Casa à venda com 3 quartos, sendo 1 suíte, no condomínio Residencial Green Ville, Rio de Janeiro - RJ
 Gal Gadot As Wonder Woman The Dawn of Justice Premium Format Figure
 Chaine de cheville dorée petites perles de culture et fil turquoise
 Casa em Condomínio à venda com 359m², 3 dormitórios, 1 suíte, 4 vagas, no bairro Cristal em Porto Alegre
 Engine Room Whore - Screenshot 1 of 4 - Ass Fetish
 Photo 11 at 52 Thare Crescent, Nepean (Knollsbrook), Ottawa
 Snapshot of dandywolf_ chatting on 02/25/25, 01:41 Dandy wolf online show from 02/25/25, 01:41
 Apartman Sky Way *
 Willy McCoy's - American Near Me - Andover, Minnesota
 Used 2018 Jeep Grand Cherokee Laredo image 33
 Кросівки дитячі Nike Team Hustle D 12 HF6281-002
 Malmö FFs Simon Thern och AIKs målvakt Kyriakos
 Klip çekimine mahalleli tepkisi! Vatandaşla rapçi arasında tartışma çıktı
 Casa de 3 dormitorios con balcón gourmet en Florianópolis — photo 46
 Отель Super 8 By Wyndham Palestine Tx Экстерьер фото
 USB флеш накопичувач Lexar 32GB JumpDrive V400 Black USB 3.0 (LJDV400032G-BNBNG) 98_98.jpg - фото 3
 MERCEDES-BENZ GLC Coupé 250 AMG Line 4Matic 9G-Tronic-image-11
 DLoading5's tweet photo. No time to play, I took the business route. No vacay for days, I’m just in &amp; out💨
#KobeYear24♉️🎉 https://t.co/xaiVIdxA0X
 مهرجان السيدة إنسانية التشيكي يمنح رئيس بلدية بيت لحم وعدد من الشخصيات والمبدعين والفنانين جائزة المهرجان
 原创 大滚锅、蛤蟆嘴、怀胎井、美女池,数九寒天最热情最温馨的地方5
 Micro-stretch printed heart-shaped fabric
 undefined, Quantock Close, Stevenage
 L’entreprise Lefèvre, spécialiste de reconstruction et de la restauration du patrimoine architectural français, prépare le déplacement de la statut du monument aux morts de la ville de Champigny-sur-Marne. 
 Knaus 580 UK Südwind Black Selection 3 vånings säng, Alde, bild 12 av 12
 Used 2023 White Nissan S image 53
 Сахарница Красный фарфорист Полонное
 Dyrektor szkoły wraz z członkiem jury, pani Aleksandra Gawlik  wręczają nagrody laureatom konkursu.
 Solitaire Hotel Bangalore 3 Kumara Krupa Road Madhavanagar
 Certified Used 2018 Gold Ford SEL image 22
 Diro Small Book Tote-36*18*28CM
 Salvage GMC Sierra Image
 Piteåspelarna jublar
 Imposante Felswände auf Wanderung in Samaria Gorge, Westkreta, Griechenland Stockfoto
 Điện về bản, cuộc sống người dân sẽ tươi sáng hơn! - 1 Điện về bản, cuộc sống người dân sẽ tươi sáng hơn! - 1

-*-

To do
Nothing beyond the line that contains "Engine Room Whore" belongs in the answer; reproduce the entries exactly from their first line through it.

Result of the exercise
Casa à venda com 3 quartos, sendo 1 suíte, no condomínio Residencial Green Ville, Rio de Janeiro - RJ
 Gal Gadot As Wonder Woman The Dawn of Justice Premium Format Figure
 Chaine de cheville dorée petites perles de culture et fil turquoise
 Casa em Condomínio à venda com 359m², 3 dormitórios, 1 suíte, 4 vagas, no bairro Cristal em Porto Alegre
 Engine Room Whore - Screenshot 1 of 4 - Ass Fetish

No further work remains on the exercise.